- _WHAT THE TASK REQUIRES_
In the reply, give back exactly the lines from the one with "Панель управления Crestron" through the last line of the records, without pictures.

- _RECORDS FOR THIS TASK_
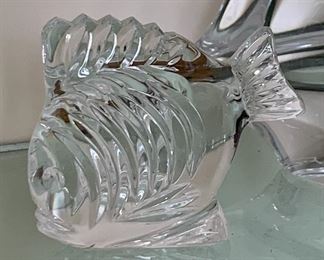 Item 142:  Waterford fish - 2.75":  $15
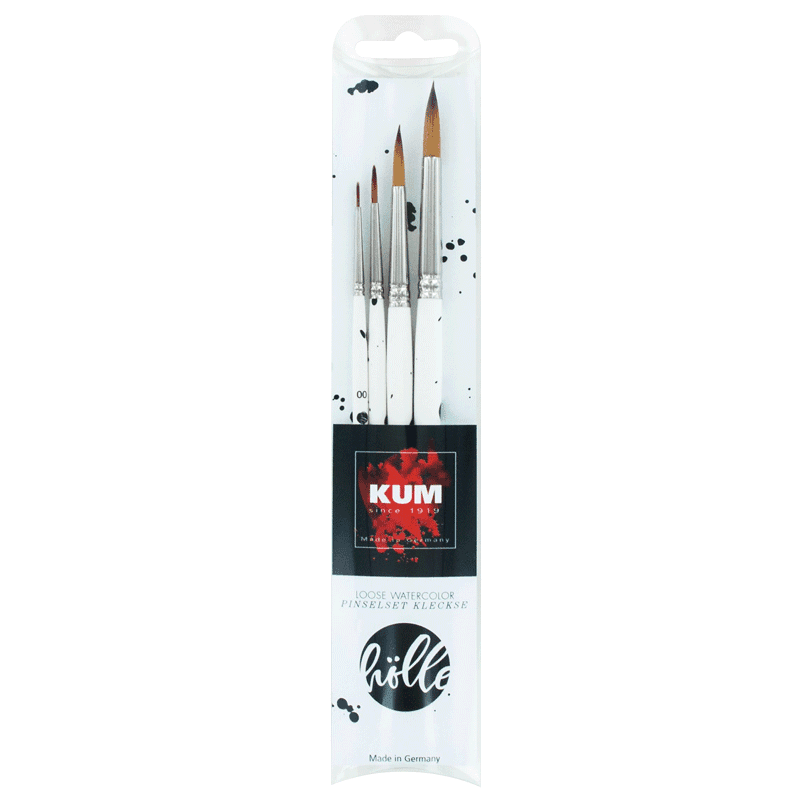 Watercolor Pinselset Kleckse KUM x Frau Hölle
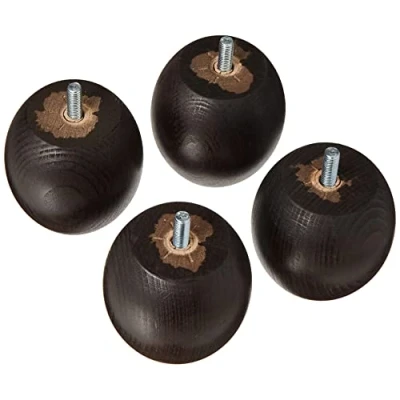 Image de La Fabrique de Pieds AM20170107 Jeu 4 Lit Boules Bois Teinte Wengé 7 x 7,5 cm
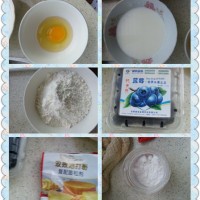 简单美味的快手甜品----蓝莓麦香饼的做法 图解1 -->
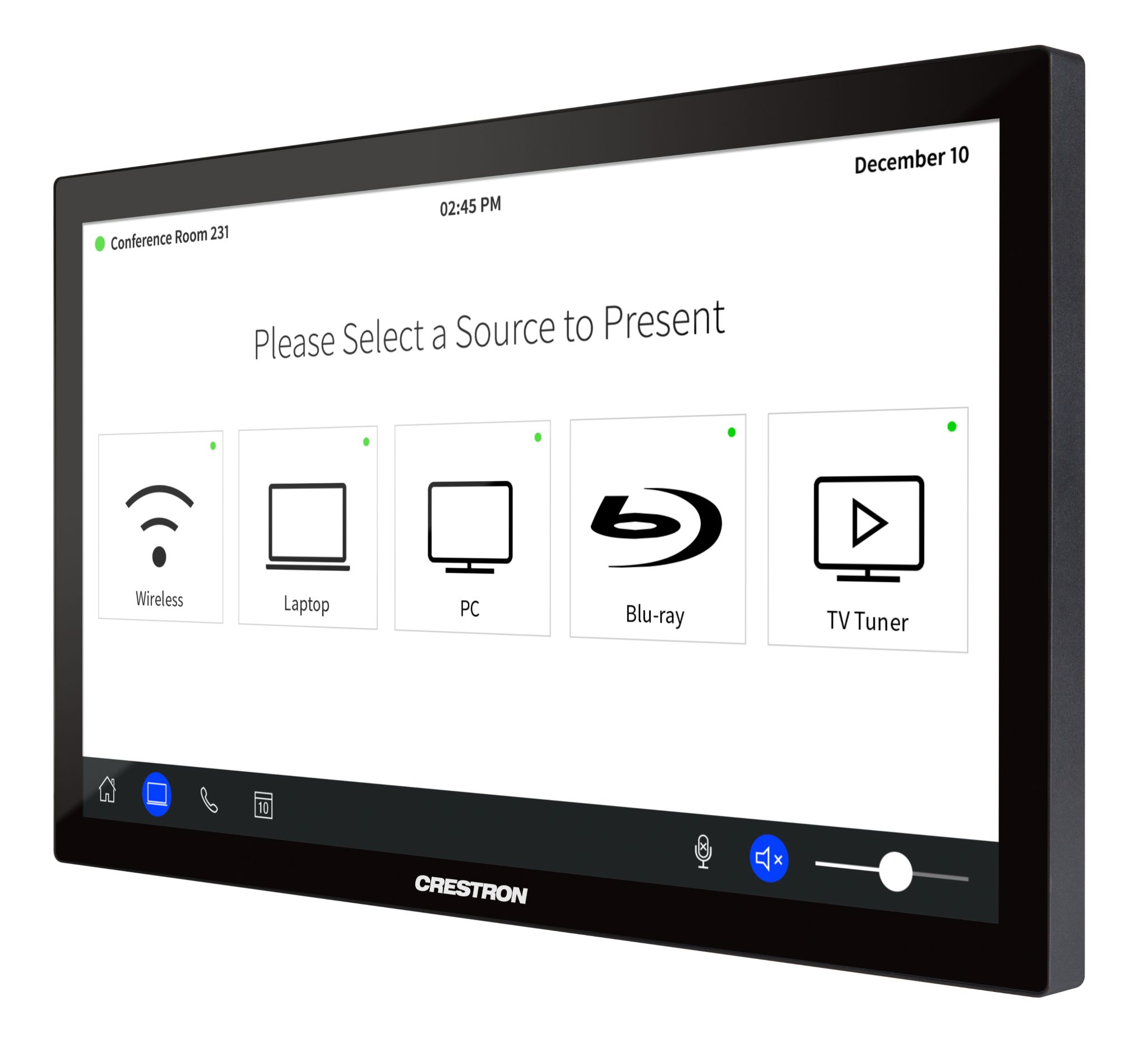 Панель управления Crestron 21.5” HD Touch Screen Display, Black TSD-2220-B TSD-2220-B #6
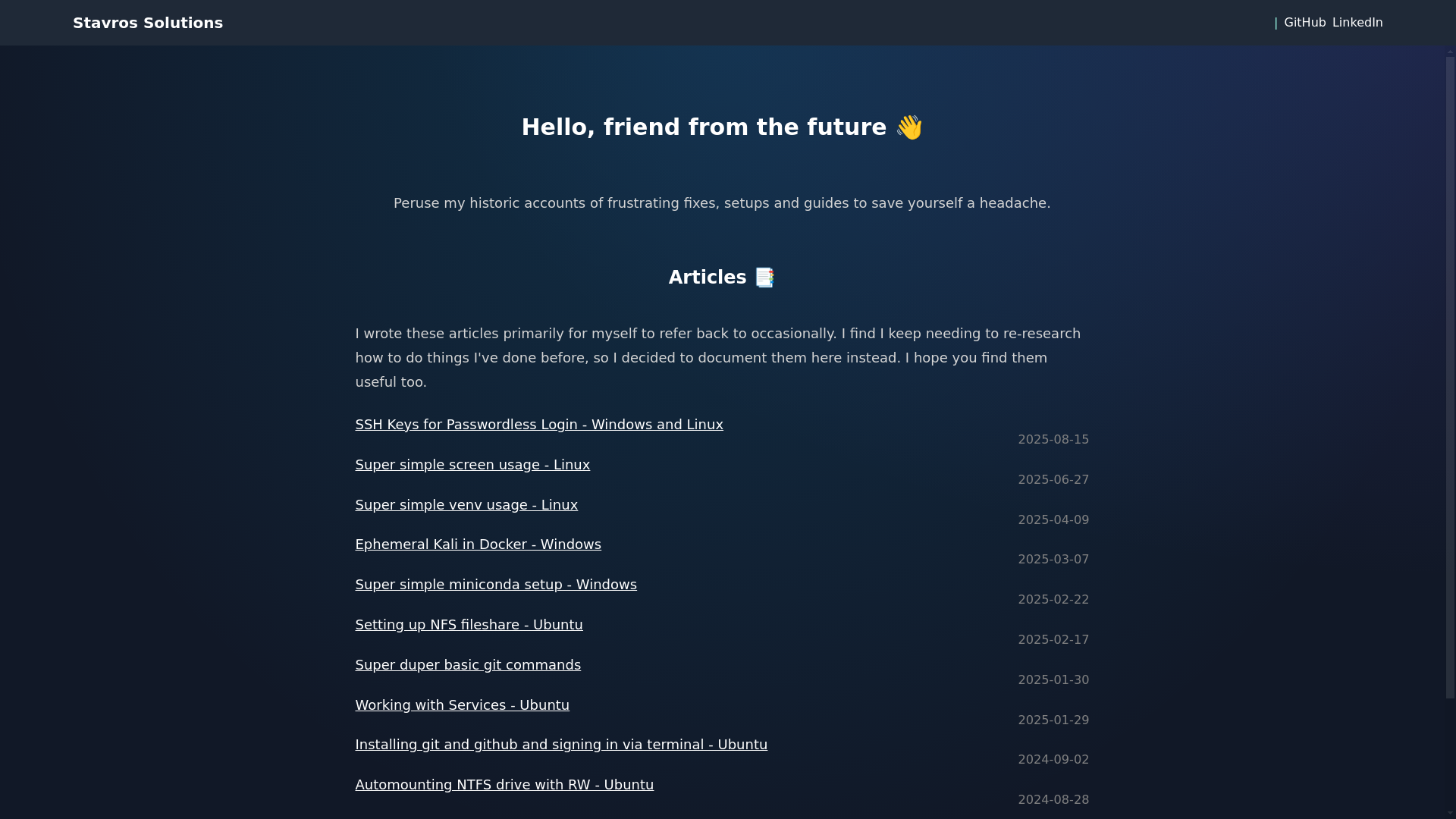 website screenshot of https://stavrossolutions.pages.dev/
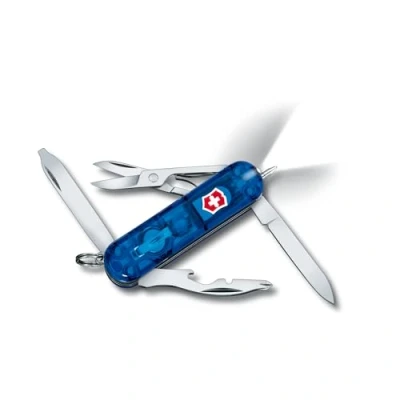 Immagine di Victorinox Midnite Manager 0.6366.T2 Coltellino svizzero con luce LED Numero funzioni 10 Blu (trasparente)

- _TASK SOLUTION_
 Панель управления Crestron 21.5” HD Touch Screen Display, Black TSD-2220-B TSD-2220-B #6
 website screenshot of https://stavrossolutions.pages.dev/
 Immagine di Victorinox Midnite Manager 0.6366.T2 Coltellino svizzero con luce LED Numero funzioni 10 Blu (trasparente)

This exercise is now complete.